## Dataset section
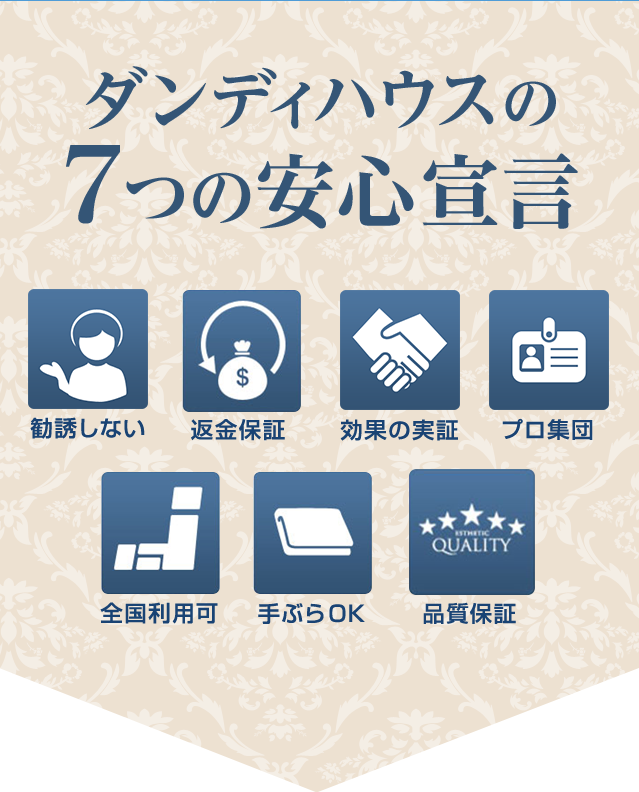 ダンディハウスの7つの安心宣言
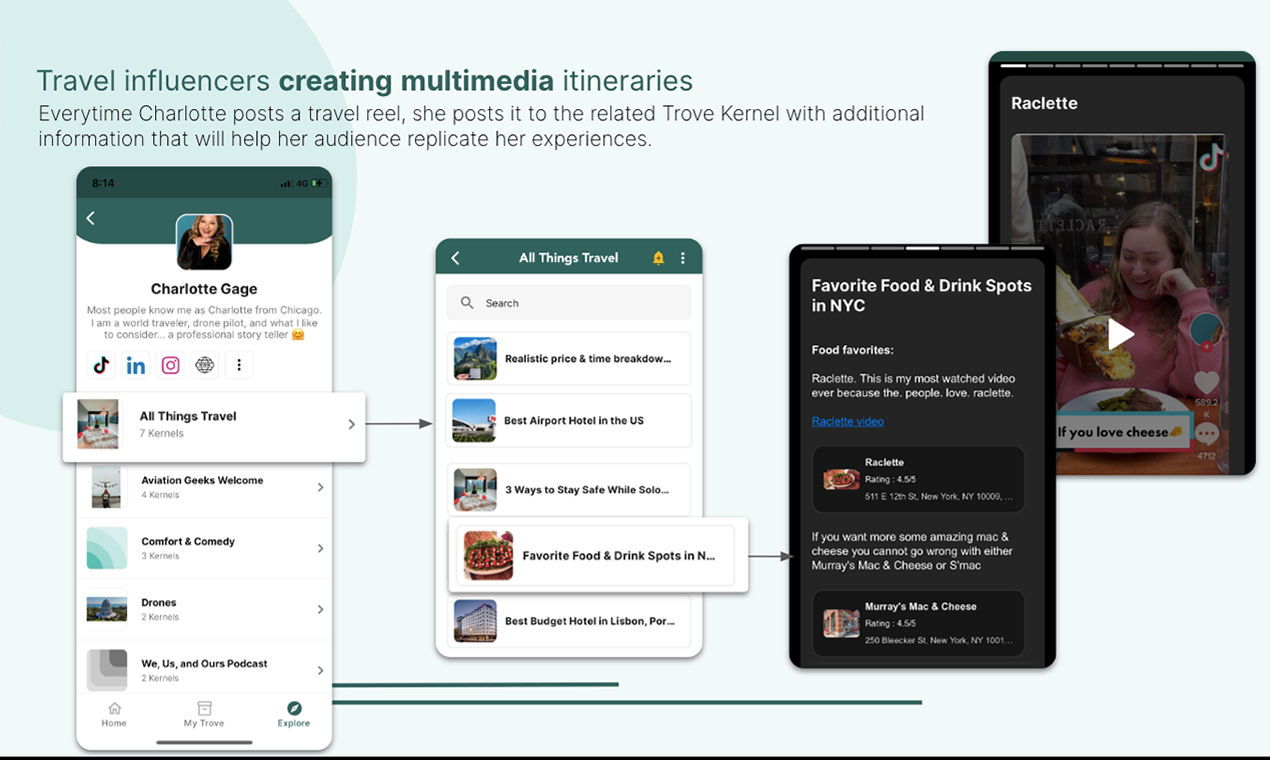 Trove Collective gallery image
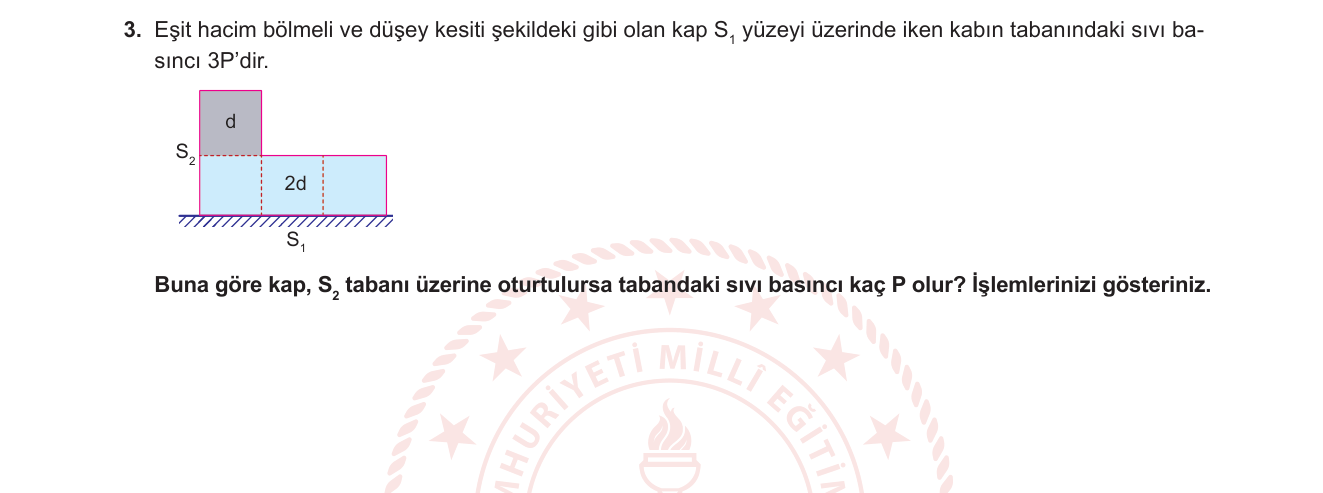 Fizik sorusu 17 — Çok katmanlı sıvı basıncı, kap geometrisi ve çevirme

## Your goal
Return every line above verbatim, pictures excluded.

## Solution to the exercise
 ダンディハウスの7つの安心宣言
 Trove Collective gallery image
 Fizik sorusu 17 — Çok katmanlı sıvı basıncı, kap geometrisi ve çevirme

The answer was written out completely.